The latest installment for the critically acclaimed Battlefield series, Battlefield V, is the latest in a long line of games that gamers are targeting for reasons that never used to matter. Some have moaned that female soldiers are making the game historically inaccurate. Others have thrown a flag for the use of prosthetic limbs that are far too advanced for the technology that was actually around in World War II. Even more are upset that the game offers cosmetic options that are not to their liking and, somehow, that’s enough to warrant skipping out on the game entirely. It’s also important to note that a lot of these complaints have cropped up before and since the recent open beta. So we, as gamers, have reached a point of saturation in the market and satisfaction with these feats of art, craftsmanship and digital engineering, that we’re choosing these issues to wave our battle flags over. To me, that seems an incredible shame.

Battlefield V isn’t the first or the silliest that we’ve complained about. The Technomancer was critically panned for some design choices, though a lot of players liked how it played like a classic Bioware game. Some gamers complained about games like Final Fantasy 15 and Metal Gears Solid V because they didn’t play enough like previous installments. Other gamers wanted to boycott Star Wars Battlefront 2 (although the loot-box fiasco was deserved) because they dared to offer a pink, cosmetic skin for Darth Vader. Of course, not all of the games that we nit-pick over are going to fail because of it, but the more vocal we get about non-issues, the harder it becomes for developers to get their games published. We’re setting these expectations that everything has to be perfect to every individual gamer and it’s a far cry from where we came.

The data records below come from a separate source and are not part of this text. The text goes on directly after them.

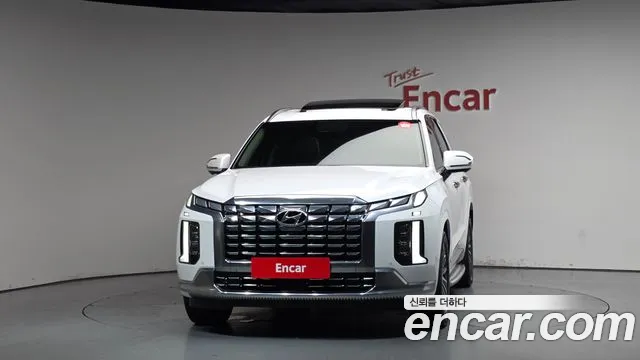 Hyundai Palisade The New Palisade Дизель 2.2 4WD — Фото автомобиля 3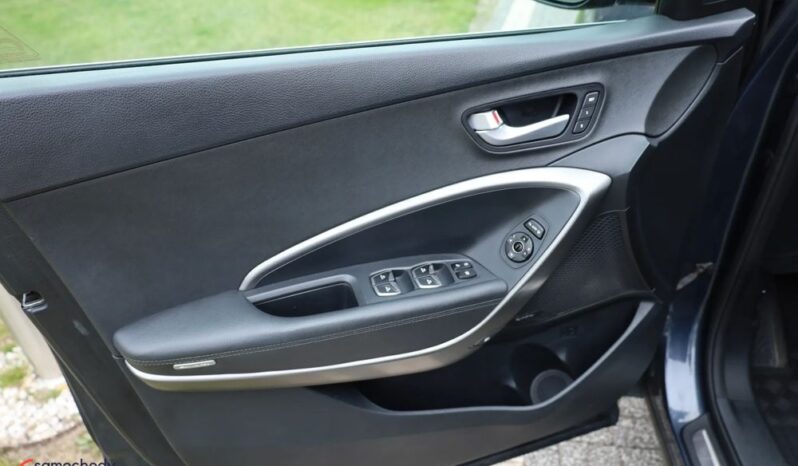 Hyundai Santa Fe 2.0 CRDi Premium 4WD full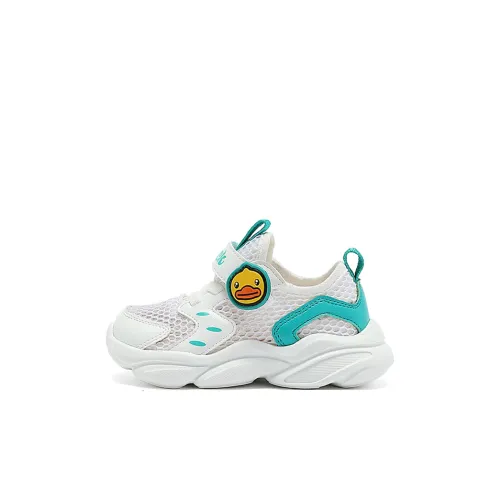 B.Duck Желтая Уточка Повседневная Обувь Детская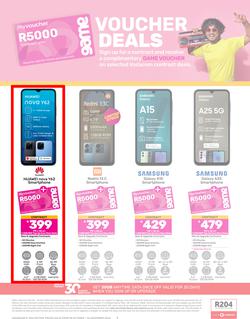 Game Cellular : Vodacom (08 October - 06 November 2024), page 9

A lot of us grew up using blocky characters that looked ridiculous and forgave horrible design flaws because the game was fun. Games like GoldenEye haven’t aged well, but they’re classics for a reason, and that’s because we all, collectively, enjoyed them so much.  Before the option of being able to choose different cosmetics for our digital avatars, we had to simply deal with looking the exact same as another player or, more often, we’d get a palate swapped version of the character, but we didn’t boycott developers for it. We enabled cheat codes for things like “Big Head Mode” even though it legitimately made us easier to kill.

This isn’t to say that the industry is perfect and we’re blowing every little thing out of proportion. There are some absolutely atrocious features that have, unfortunately, become industry standards like loot boxes, paid DLC that isn’t actual expansions or worthwhile content, pre-order bonuses, and so on, but the time may have come for us to step back and re-prioritize. Vampire: The Masquerade – Bloodlines was a broken, horrible mess and I loved it. The Elder Scrolls III: Morrowind had rough animations and a terrible combat system, but it’s one of my favorite games. The Legacy of Kain games were wordy and convoluted but I still actively campaign for a new iteration or a remaster because I WILL NOT LET THIS GO, EIDOS INTERACTIVE!

So, as gamers, let’s try to find it in ourselves to let out the inner children that used to play games because they were fun and cool. Let’s use robot arms to shoot WW2 weapons. Let’s play as males or females if we want to and be happy we even have the choice. Let’s match our red lightsabers with beautiful pink capes and destroy the rebel scum looking fabulous, as long as it’s fun, because it’s time we all remember that we’re gamers and having fun is what we do.